The Riverhead Town Board voted unanimously Tuesday to appoint a special counsel to advise the town ethics board as it investigates a complaint against Councilwoman Jodi Giglio.

The hiring of attorney David Besso of Long Tuminello LP to represent the ethics board didn’t generate much controversy on its own, but the fact that Ms. Giglio was permitted to vote on the resolution to hire him did. 

“Why were you sitting in a meeting when they are bringing in outside counsel and you are being investigated?” Rex Farr, coordinator of the Coalition Against EPCAL Housing, which brought the ethics complaint, asked Ms. Giglio Tuesday. Mr. Farr began speaking again before she could respond.

Another coalition member, John McAuliff, wanted to ask each board member individually if they planned to accept the recommendation of the ethics board, but board members said they can’t do that without knowing what the recommendation is.

The ethics board requested outside counsel, rather than the town’s own attorneys, to guide it in deciding whether Ms.

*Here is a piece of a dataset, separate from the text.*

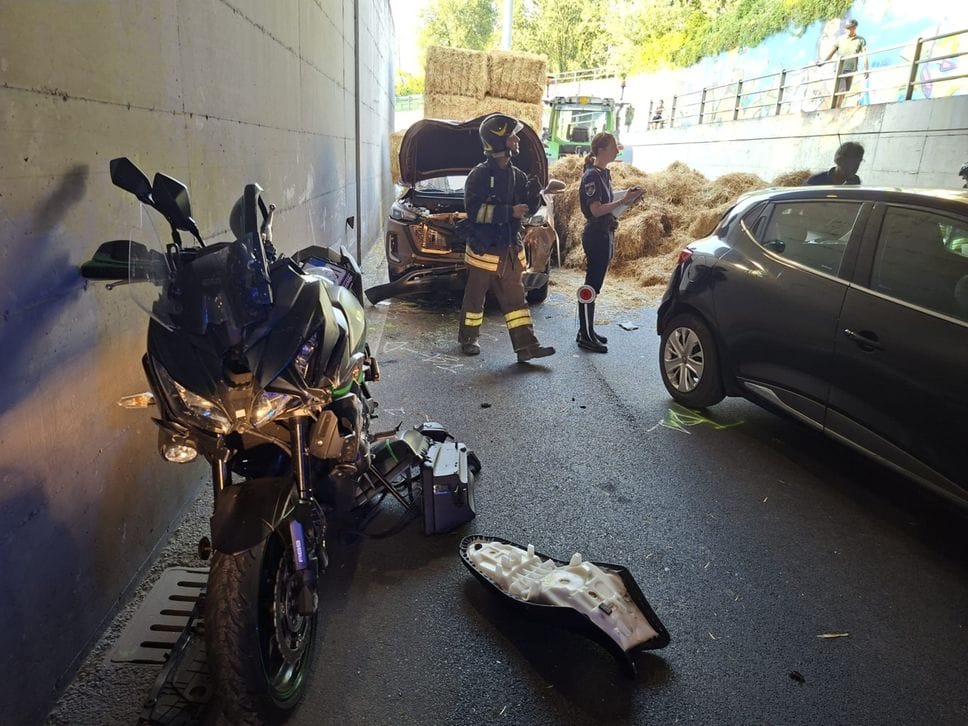 Trattore sterza e rovescia le balle di fieno su due auto e due moto a Romano -Foto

Giglio should recuse herself from voting on Calverton Aviation & Technology’s $40 million offer to purchase town-owned land at the Enterprise Park at Calverton. The Town Board has postponed a vote on whether CAT is qualified and eligible, until the ethics board weighs in on that question. 

On April 12, the Coalition Against EPCAL Housing raised the ethics issue on April 12 in the wake of a private meeting in New York City on March 12 involving Ms. Giglio and CAT officials. At a subsequent work session, Ms. Giglio reviewed the questions she’d asked and the answers CAT gave her, but several residents have said they do not feel there is any way to accurately know what took place during that meeting. 

The Riverhead town attorney’s office and the ethics board have held ongoing discussions on the board’s request for outside counsel. The issue, according to town attorney Bob Kozakiewicz, came down to whether having town attorneys represent both the Town Board and the ethics board on a complaint against a council member constituted a conflict of interest. 

In addition, deputy town attorney Erik Howard, who has been representing the ethics board, is the son-in-law of Councilman Tim Hubbard, who said an ethics complaint has also been brought against him suggesting he should recuse himself. 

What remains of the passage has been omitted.